Since inflammation is one of the factors contributing to fibrosis, the China-based research team tested whether NMN reduces hypoxia-induced fibrosis by lowering inflammatory proteins and increasing anti-inflammatory proteins. Along those lines, they measured levels of the inflammatory molecules TGF-𝛃 and IL-6, along with the pro-insulin sensitivity and anti-inflammatory protein adiponectin. As expected hypoxia more than doubled levels of the two inflammatory proteins and more than cut in half adiponectin. However, NMN substantially reduced the hypoxia-induced inflammatory protein elevations and significantly increased adiponectin levels after hypoxia. These results suggest that NMN attenuates hypoxia-driven fibrosis by reducing inflammatory proteins and increasing adiponectin.

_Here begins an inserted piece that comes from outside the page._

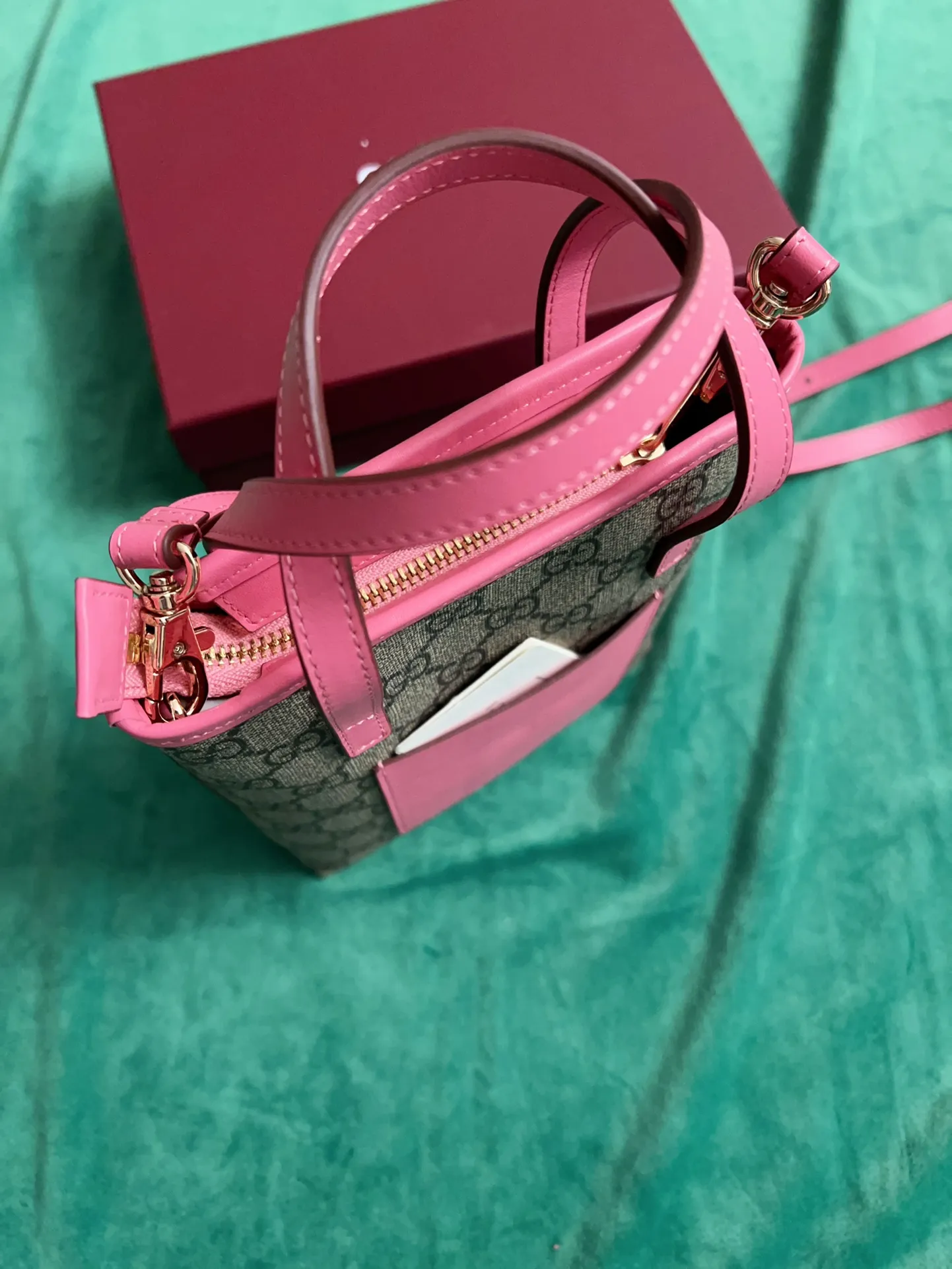 💰720 🇭🇺🇭🇺New product on official website! Exquisite small handbag (can be worn cross-body) PVC with original factory calfskin, 🧤🧤 with exquisite cute animal pendant 🧤🧤 No. 831899, size: 20x15x5cm, 🧤🧤 little red cat, puppy, panda, owl, exquisite and cute! 4 colors original single product!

(Wu et al., 2023 | Frontiers in Endocrinology) NMN attenuates inflammatory protein buildup under hypoxia in mouse fat tissue. The inflammatory proteins TGF-𝛃 and IL-6 (three bars on the left and three bars in the middle, respectively) more than double under hypoxia in fat tissue (yellow bars) compared to healthy mice (red bars), but NMN reduces their accumulation (blue bars). The anti-inflammatory and pro-insulin sensitivity protein adiponectin (APN; three bars on the right) shows reduced levels with hypoxia (yellow bar) compared to healthy mice (red bar), but NMN raises its levels toward that of healthy mice (blue bar).
Since the protein HIF-1ɑ initiates and drives hypoxia-induced fat tissue fibrosis, Liu and colleagues measured the protein’s levels with hypoxia. Hypoxia more than doubled HIF-1ɑ levels, but NMN treatments countered the elevated HIF-1ɑ proteins. These findings suggest that NMN reduces HIF-1ɑ levels under hypoxic conditions to reduce inflammation and fibrosis.
“Our study showed that NMN inhibited HIF-1ɑ activation-induced adipose tissue fibrosis and inflammation,” said Liu and colleagues.
Potential New Way to Treat Obesity
With 41.9% of the US population being obese, new treatment strategies to counter fat tissue inflammation, fibrosis, and its subsequent dysfunctional proliferation are paramount. Previous research has shown that NMN counters kidney, liver, and cardiac fibrosis, yet this is the first study to suggest that it can attenuate fat tissue fibrosis.
With recent research from Harvard showing that NMN helps with weight loss, this study illustrates one of the ways that NMN could confer its anti-obesity effects. The study suggests that by inhibiting HIF-1ɑ protein buildup, NMN can thwart fat tissue inflammation and fibrosis, thus inhibiting the perpetual accumulation of dysfunctional fat tissue.
Wu K, Li B, Ma Y, Tu T, Lin Q, Zhu J, Zhou Y, Liu N, Liu Q. Nicotinamide mononucleotide attenuates HIF-1α activation and fibrosis in hypoxic adipose tissue via NAD+/SIRT1 axis. Front Endocrinol (Lausanne). 2023 Jan 26;14:1099134. doi: 10.3389/fendo.2023.1099134. PMID: 36777361; PMCID: PMC9909340.